Lyz Mancini
May 03, 2015 6:00 am

Today is the 19th anniversary of the supernatural thriller The Craft. In honor of almost two decades of witchiness, we’re running this essay on the joys and perils of teenage witchcraft.

I was dressed in black lace and cloud print pajama bottoms when I decided to cast a spell. I had arranged three candles so they formed a triangle in front of me on the worn wooden floor of my bedroom I placed a white candle in the middle and lit it with the one lighter my parents hid in the kitchen Lazy Susan behind the brown sugar.

As I blew out the last candle, I thought about the boy with the frosted hair who sat behind me in science. He would love me by tomorrow, so said the book. (Wicca for Teens, for which I owed the library $12.56 cents in overdue fees.)

“Lyz, what the hell are you doing? Are you holding flammable cloth over a ton of candles?” my mom yelled. “Ugh,” I thought. “Now I will never find true love.” I was supposed to collect the rose petals, let them dry for a week in between two sheets of aluminum, then scatter them in a burbling stream. But like, who has time for that? And where can you even find a burbling stream in the dead of winter in Syracuse? I was destined to die alone.

The Craft did it for me, although I don’t think the moral of that movie was to turn teen girls onto witches. It also gave me a crippling fear of bugs, watched from under a blanket in my best friend Brittany’s basement while her stepdad was upstairs snoring in a Lay-Z-Boy recliner. These girls were just so cool, with the ability to alter their eye and hair color in the swish of a wrist, they could seek revenge on Marcia Brady, and they could even make the cutest boy fall in love with them.

My casual fixation led to copious viewings, and then dusty beautiful old books and cool alternative how to from women who worshipped nature and the feminine side of religion. Sure, I appreciated the mystique of the religion. but….it was always, always about love spells. No other religion offers love spells.

I spent Sundays at the local Catholic church. I always thought of it as a nice ritual, what with getting dressed up and staring at the back of a the bowl haircuts in the next pew. But I never felt all that connected to it. My dad would sneak me gum from his tweed jacket pocket, and I just counted the minutes until the donuts served after mass. What appealed to me about witchcraft is, well, it seemed to more concretely offer a solution to a problem that I had at 14: I really wanted a boyfriend. And witchcraft, say what you will about it, has real, clear recipes for How To Get People To Like You Back. Eye of newt seemed a lot more attainable than the affections of a ninth grader.

I wanted to be pushed up against a locker and kissed deeply, and for some scrawny 13-year-old boy with a cracking voice to tell me he loved me. Being social seemed exhausting and hard, and no matter how hard I tried I could not get cleavage to happen. So I turned to good old-fashioned paganism. I bought a bunch of crushed velvet and learned to love the smell of sandalwood. There were so many love spells, and they all came with disclaimers about how messing with someone’s emotions are not to be taken lightly. I didn’t. In middle school, no one takes emotions lightly.

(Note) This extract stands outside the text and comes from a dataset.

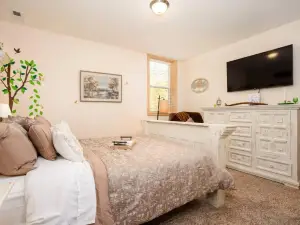 Woodland Legacy-Escape to unwind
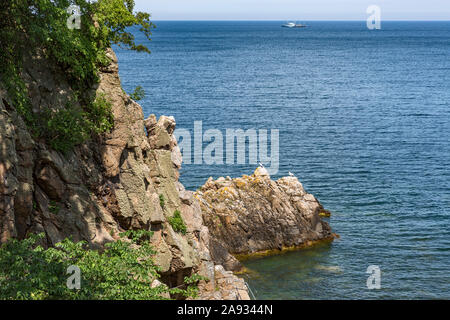 Helligdomsklipperne, Steilküste, Felsen, Klippen, Bornholm, Ostsee, Daenemark Stockfoto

Apparently my mom had been onto my newfound obsession for quite some time, although she didn’t reall care until my religious curiosity threatened to burn the house down. She always wanted me to think for myself, to question things. Our town was small and very Christian, and so when a nosy librarian helped me check out eight books on Pagan rituals on a semi regular basis (likely with a few Judy Blumes and VC Andrews’ in there for good measure), she took it upon herself to call my mom.

Once I was caught burning things in my bedroom at midnight, I had to give up my altar. Candles were banned regardless of their healing powers. I was allowed to explore my beliefs, but not at the price of arson. I still love the musky incense smell of an occult bookstore, and will read your palm after a few glasses of wine. My apartment always smells a little of sage, because you can’t smudge a place of its negative spirits too much. Whoever dates me in October will have to spend some time with Sarah, Nancy, Bonnie, and Rochelle at least once. “Light as a feather, stiff as a board” does work, at least in my head, as long as you use your skinniest friend. I try my hardest every winter to pull off knee-high socks, and if anyone ever suggests a theme party, I pipe up with “90s?? The Craft?? I’ll get my school girl skirt and crosses out of storage. Wait, just kidding, I actually have them right here.”

I wouldn’t say I date my boyfriend because his sister lives in Salem, but it’s definitely a perk. When I pray or ask for strength, the “higher being” I speak to feels like a lady to me. I imagine her in a floppy hat, a bevy of crystals on leather string, and a dramatic cat eye. So I guess Stevie Nicks. People even trust me with candles now.

Every once and a while, I find myself repeating a spell in my head as a mantra of sorts. A boy with a beard and a book on the train, the checkout guy who asks if I have a Duane Reade Rewards Card, the artist covered in paint who suns himself outside a coffee shop I walk by. To the boys I have dated? Who knows…it might not have been your choice.